◆ MATERIAL TO PROCESS
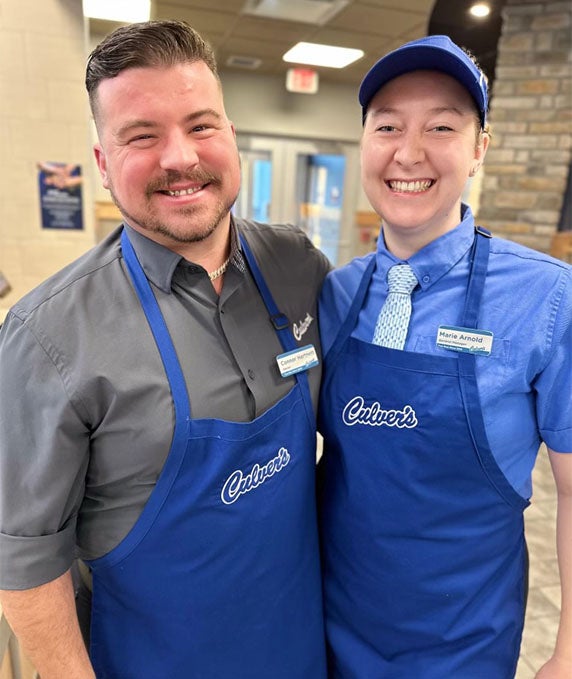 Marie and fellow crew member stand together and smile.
...
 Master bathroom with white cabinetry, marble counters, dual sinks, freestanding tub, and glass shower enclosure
---
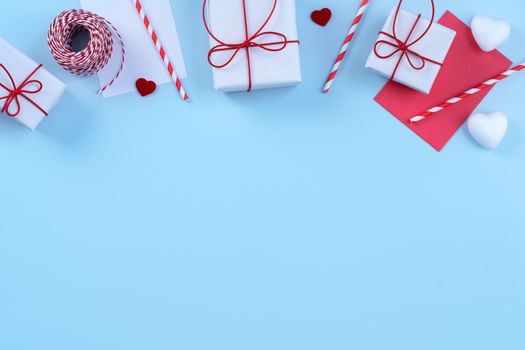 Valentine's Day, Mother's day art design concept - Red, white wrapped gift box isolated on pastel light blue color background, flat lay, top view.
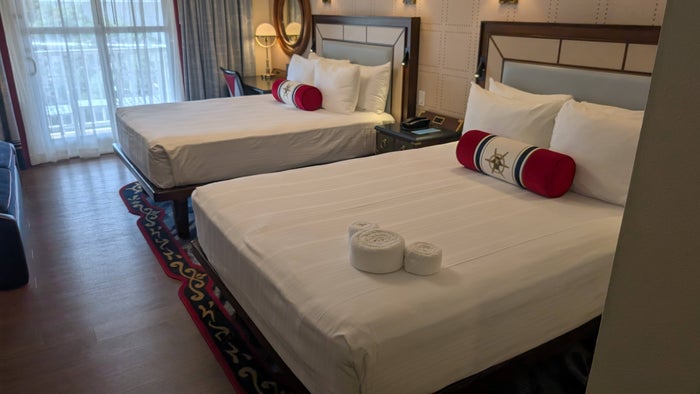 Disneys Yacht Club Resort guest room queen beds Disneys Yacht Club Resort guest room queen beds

◆ ASSIGNMENT
Of the lines above, quote exactly those from the one with "Valentine's Day, Mother's" through the one with "Disneys Yacht Club Resort guest room queen beds Disneys", ends included; pictures stay out.

◆ ANSWER TO THE PROBLEM
 Valentine's Day, Mother's day art design concept - Red, white wrapped gift box isolated on pastel light blue color background, flat lay, top view.
 Disneys Yacht Club Resort guest room queen beds Disneys Yacht Club Resort guest room queen beds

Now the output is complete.